Roger Severino, the Heritage Foundation’s Vice President for Domestic Policy, is circulating a letter explaining why proponents of the Democrats’ bill to redefine marriage have got it wrong, and the damage such legislation will do to religious liberty and our rights supposedly guaranteed by the First Amendment.

You can read and download the letter through this link, but we’ve pulled some key points to help you with your “elevator speech” to family and friends to alert them to the threat of this ill-conceived bill.


And, as Mr. Severino says, whatever the motivation for supporting this bill, the arguments raised must ultimately be judged on their own merits and they demand a thoughtful and serious response.


First Key Point: Proponents claim because the bill’s findings characterize beliefs in man-woman marriage as being worthy of respect, it provides religious institutions legally significant protections against being treated by government as the equivalent of bigots.


Response: False. First, the issue is not the ability to believe in man-woman marriage, but the ability to live out those beliefs in meaningfully in society and not be labelled a bigot by the government for doing so. Respect for mere beliefs in man-woman marriage gets people of faith little in this context. But more fundamentally, the bill doesn’t even go that far. It reads:

“Diverse beliefs about the role of gender in marriage are held by reasonable and sincere people based on decent and honorable religious or philosophical premises. Therefore, Congress affirms that such people and their diverse beliefs are due proper respect.”

Here is an accurate translation: “Diverse but wholly unspecified beliefs about the role of gender in marriage (whatever that means) are held by acceptable people based on acceptable premises. Therefore, such acceptable people who hold acceptable beliefs about marriage are due an acceptable level of respect.”

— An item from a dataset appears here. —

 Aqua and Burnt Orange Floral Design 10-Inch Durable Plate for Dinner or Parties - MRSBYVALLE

It is hard to imagine crafting a more legally meaningless statement than that. The bill’s sponsors took great pains to avoid saying precisely what the bill’s defenders erroneously claim. Nowhere in the bill does conjugal marriage, traditional marriage, biological marriage, Biblical marriage, natural marriage, historical marriage, husband-wife marriage, man-woman marriage, or any possible variation appear in the bill. Yet the bill does say some things quite clearly and explicitly—namely, “same-sex couples . . . . deserve to have the dignity, stability, and ongoing protection that marriage affords to families and children.” Now a statement like that does some real legal work, but in precisely the opposite direction.

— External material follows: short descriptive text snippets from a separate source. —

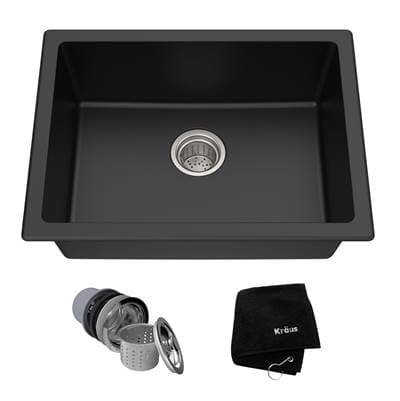 Kraus 24 Inch Dual Mount Single Bowl Granite Kitchen Sink W/ Top Mount and Undermount...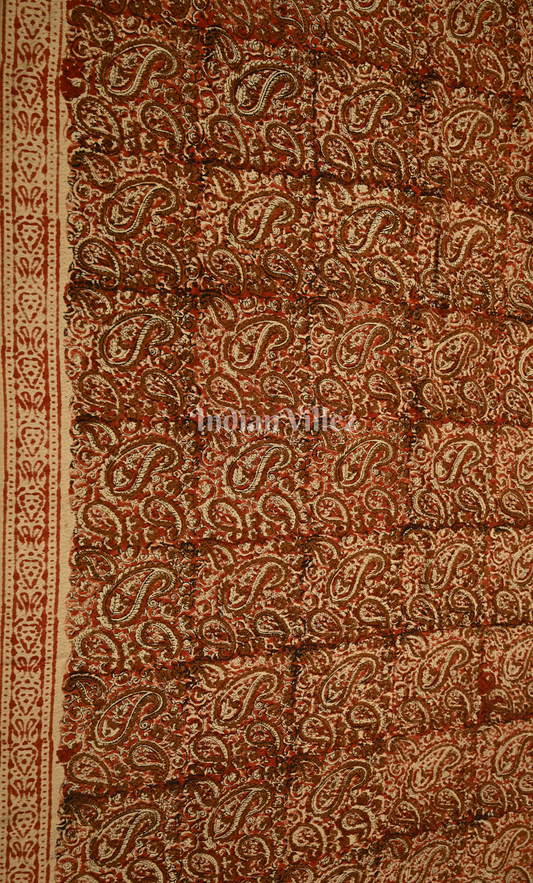 Maroon Bagru Block Printed Chanderi Silk Suit Sets 
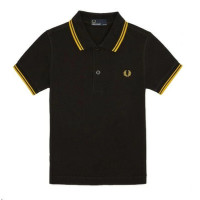 FRED PERRY Kids Twin Tipped Polo Shirt black/new/yellow 4-5 Jahre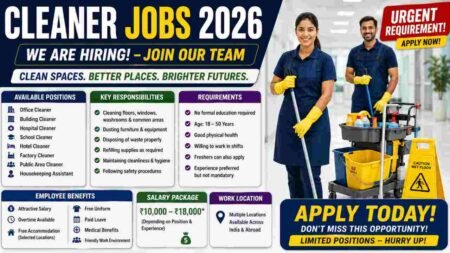 Cleaner Jobs 2026 – Housekeeping Staff, Office Cleaner & Helper Hiring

Second Key Point: Proponents claim the bill cannot be used a basis for the IRS to deny the tax-exempt status of religious organizations that adhere to and act upon their beliefs in man-woman marriage.


Response: False. While the bill clarifies through a rule of construction that it does not, by its own operation, revoke tax-exempt status for dissenting religious organizations, it gives ample grounds for the IRS and any other tax authority to do the actual dirty work. When Congress passed the Civil Rights Act of 1964, no one argued that it automatically revoked tax-exempt status for religious schools that engaged in racial discrimination. But the IRS did exactly that six years later and the Supreme Court affirmed the action In the Bob Jones case by relying on the fact that Congress established a “national” or “fundamental” policy against race discrimination through the Civil Rights Act following the Brown v. Board decision. Congress could have added the exact same rule of construction in the RFMA to the Civil Rights Act of 1964 and it would not have prevented the IRS’s tax-revocation because the governmental interest in eradicating racial discrimination would have been deemed to be just as compelling.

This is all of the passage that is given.